Of all the lines below, return only those starting with the line holding "Haisey Pink Flamingo" and going on through the line holding "men's watch is", exactly as written.

## Extracted material
^^^^^^^^^^^^^^^^

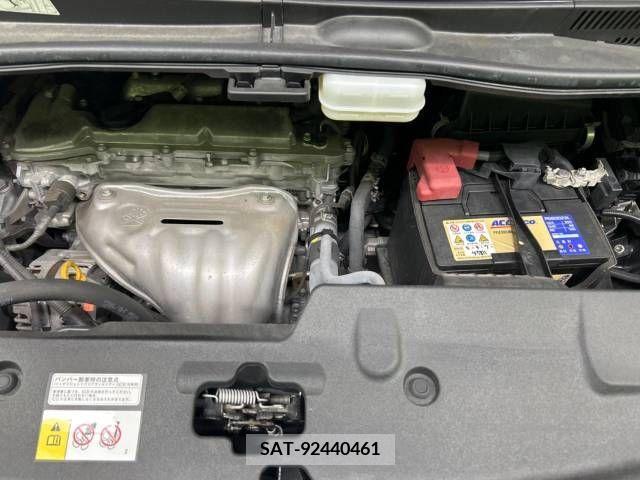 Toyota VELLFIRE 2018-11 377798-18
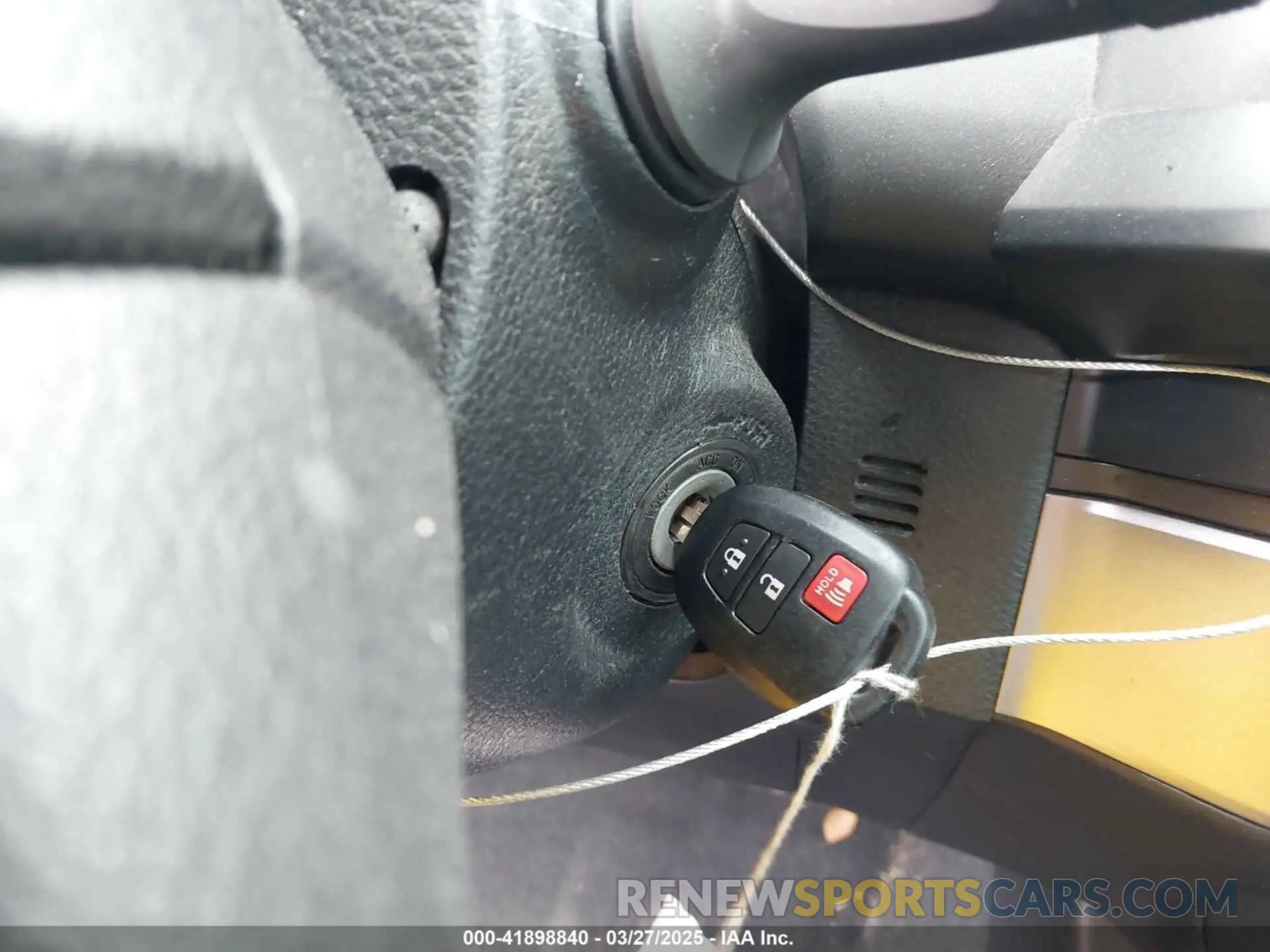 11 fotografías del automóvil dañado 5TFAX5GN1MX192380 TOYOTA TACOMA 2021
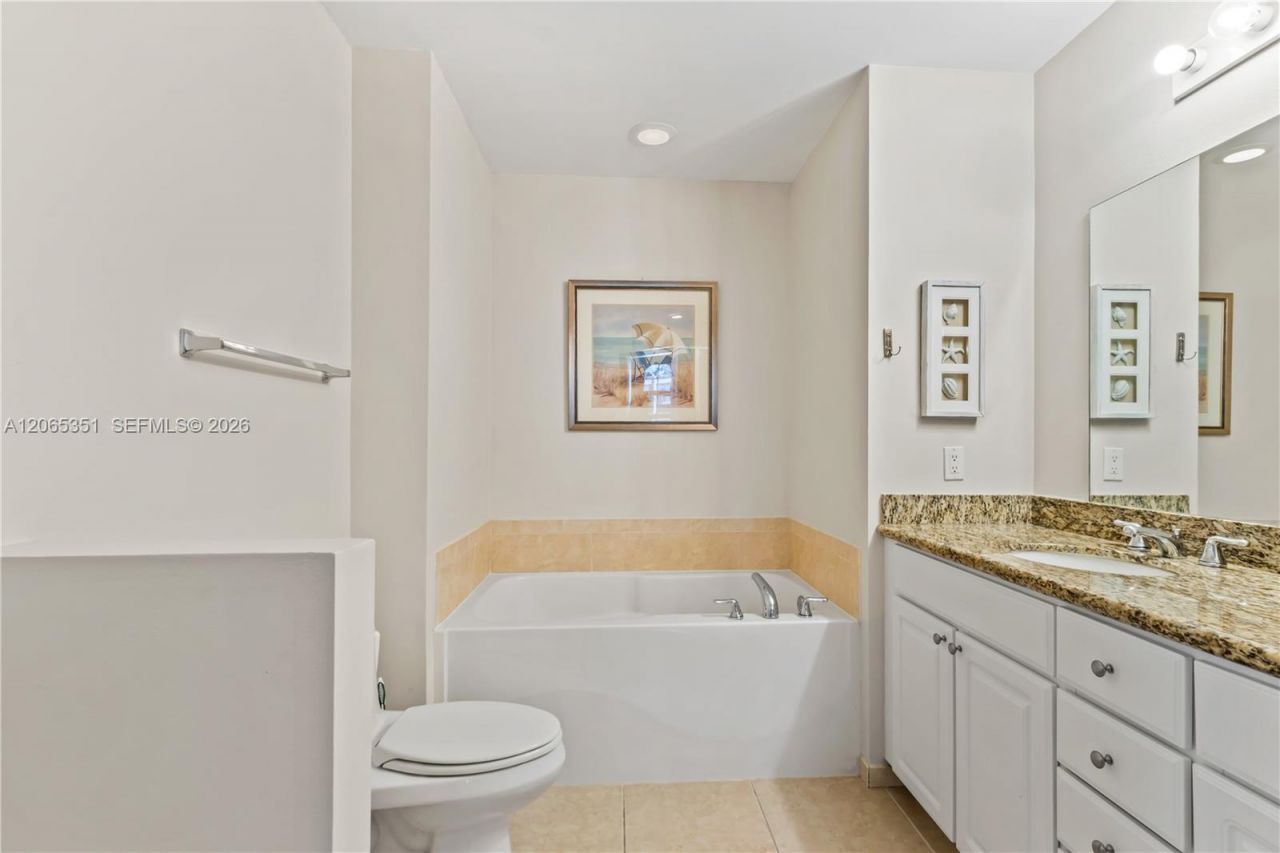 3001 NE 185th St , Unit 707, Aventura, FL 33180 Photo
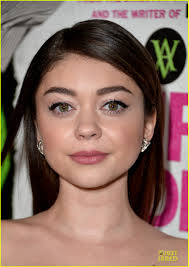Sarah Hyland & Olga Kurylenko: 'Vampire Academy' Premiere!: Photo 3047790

^^^^^^^^^^^^^^^^

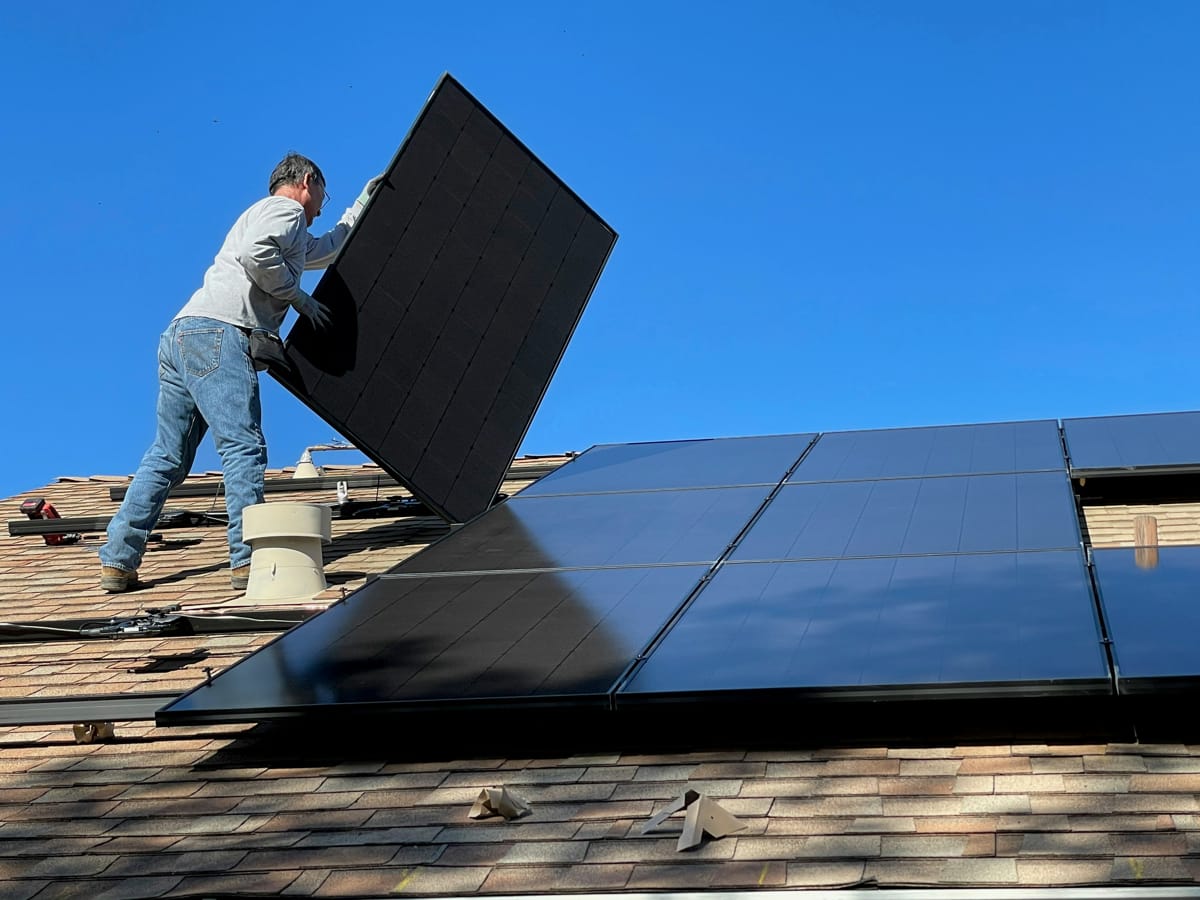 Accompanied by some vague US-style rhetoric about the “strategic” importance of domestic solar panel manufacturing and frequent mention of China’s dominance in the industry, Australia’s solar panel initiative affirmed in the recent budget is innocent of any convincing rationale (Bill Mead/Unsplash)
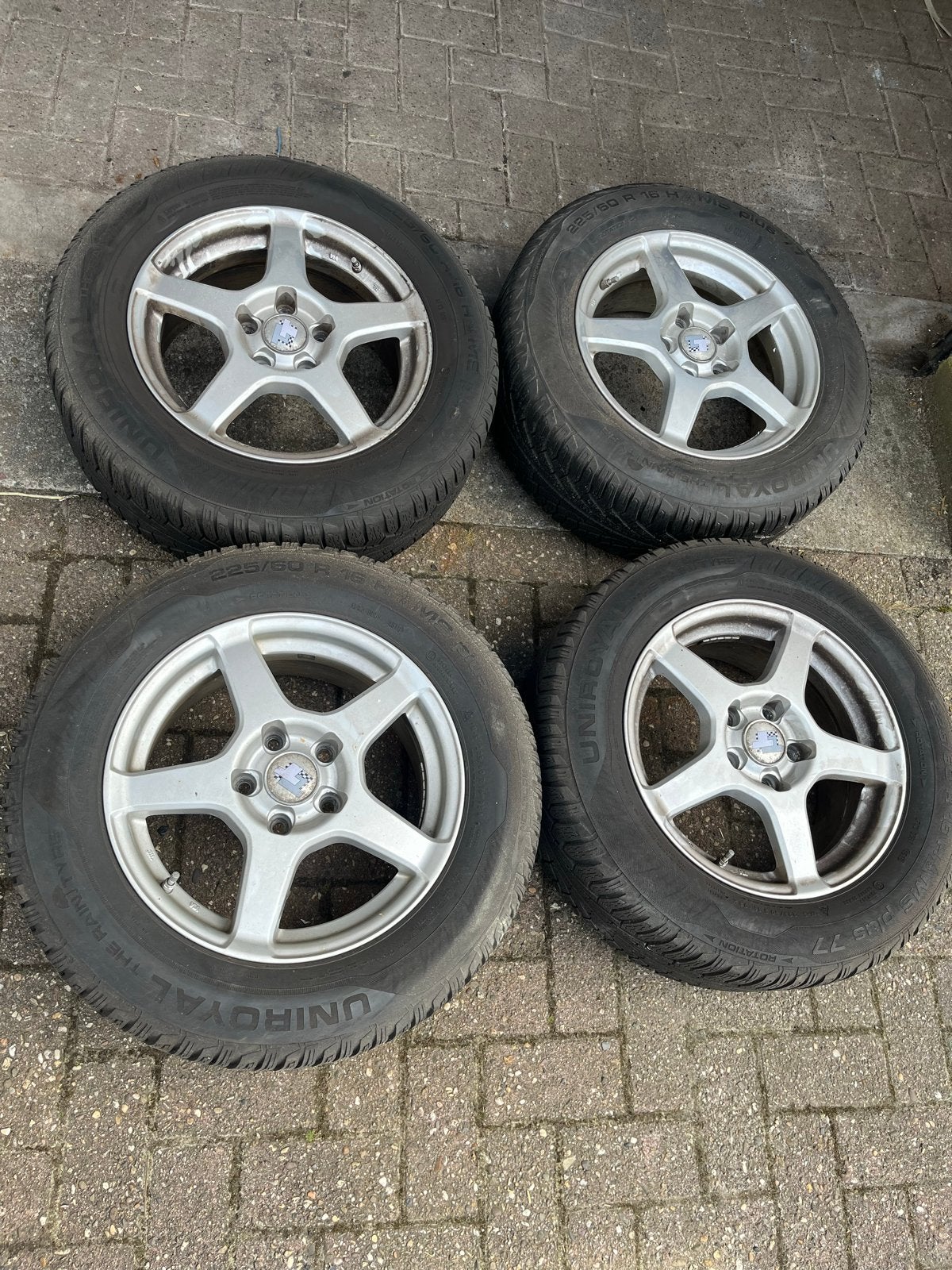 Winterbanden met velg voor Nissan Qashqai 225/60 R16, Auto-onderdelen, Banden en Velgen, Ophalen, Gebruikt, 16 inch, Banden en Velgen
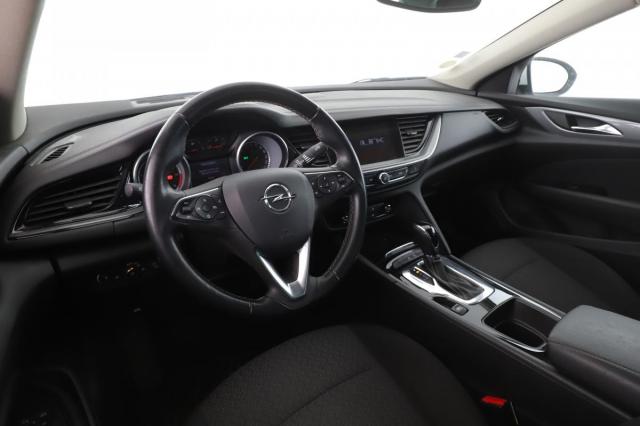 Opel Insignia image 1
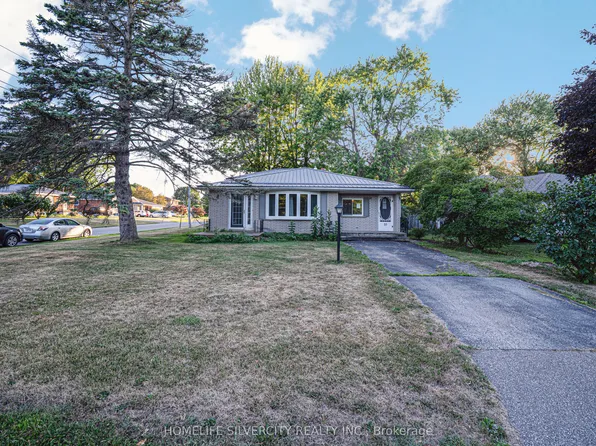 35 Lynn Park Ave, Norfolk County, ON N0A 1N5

^^^^^^^^^^^^^^^^

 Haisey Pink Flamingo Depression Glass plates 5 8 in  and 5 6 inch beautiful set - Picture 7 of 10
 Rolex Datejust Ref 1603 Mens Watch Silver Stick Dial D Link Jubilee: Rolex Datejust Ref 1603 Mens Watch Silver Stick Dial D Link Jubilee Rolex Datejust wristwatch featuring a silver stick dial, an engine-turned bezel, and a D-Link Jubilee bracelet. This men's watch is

^^^^^^^^^^^^^^^^

## Response to the task
 Haisey Pink Flamingo Depression Glass plates 5 8 in  and 5 6 inch beautiful set - Picture 7 of 10
 Rolex Datejust Ref 1603 Mens Watch Silver Stick Dial D Link Jubilee: Rolex Datejust Ref 1603 Mens Watch Silver Stick Dial D Link Jubilee Rolex Datejust wristwatch featuring a silver stick dial, an engine-turned bezel, and a D-Link Jubilee bracelet. This men's watch is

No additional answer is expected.